Each season, we receive 18 weeks of freshly picked farm goodness from Olden Organics. It’s a great way to eat lots of veggies throughout the summer, especially since our garden doesn’t always live up to our expectations. The summer always seems to fly by though, and before I know it, we’re done with our weekly produce pick ups.

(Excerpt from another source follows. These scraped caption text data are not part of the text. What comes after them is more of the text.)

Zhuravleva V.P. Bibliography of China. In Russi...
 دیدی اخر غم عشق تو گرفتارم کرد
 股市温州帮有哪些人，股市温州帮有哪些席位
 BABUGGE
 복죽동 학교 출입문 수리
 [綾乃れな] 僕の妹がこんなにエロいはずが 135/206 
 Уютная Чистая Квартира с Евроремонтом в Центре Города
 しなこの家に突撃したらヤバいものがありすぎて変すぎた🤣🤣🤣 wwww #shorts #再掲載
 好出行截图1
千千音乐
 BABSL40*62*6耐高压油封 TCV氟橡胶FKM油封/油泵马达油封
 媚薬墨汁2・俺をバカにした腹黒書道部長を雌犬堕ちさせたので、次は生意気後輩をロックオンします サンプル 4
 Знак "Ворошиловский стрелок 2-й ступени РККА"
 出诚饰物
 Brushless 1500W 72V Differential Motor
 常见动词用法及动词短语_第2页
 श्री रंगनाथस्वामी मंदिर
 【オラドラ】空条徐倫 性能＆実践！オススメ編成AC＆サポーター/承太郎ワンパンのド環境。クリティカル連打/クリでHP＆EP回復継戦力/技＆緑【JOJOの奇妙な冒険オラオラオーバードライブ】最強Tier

Thankfully, our CSA program includes one final “late season” share that stocks our fridge for a few more weeks. We picked it up in early November, and I still have some of these items in the pantry and fridge.

csa-2016-late-share

This year’s share included:

  • 4 apples
  • 1 head of cabbage
  • 1 bunch of collard greens
  • 1 head of romanesco
  • 1 bunch of radishes
  • several russet potatoes
  • 1 bag of fresh cranberries
  • 3 heads of garlic
  • celeriac
  • 1 bag of sweet potatoes
  • onions
  • butternut squash
  • fennel
  • 1 jar of Hippie Wayne’s marinated mushrooms

In true “addicted to fruit” fashion, we ate the apples. I made cabbage and noodles with the head of cabbage, and I tried a new recipe for the collard greens. I ended up roasting the romanesco with olive oil, salt and pepper, and it should go without saying that I’m putting the onions and garlic in almost everything I make.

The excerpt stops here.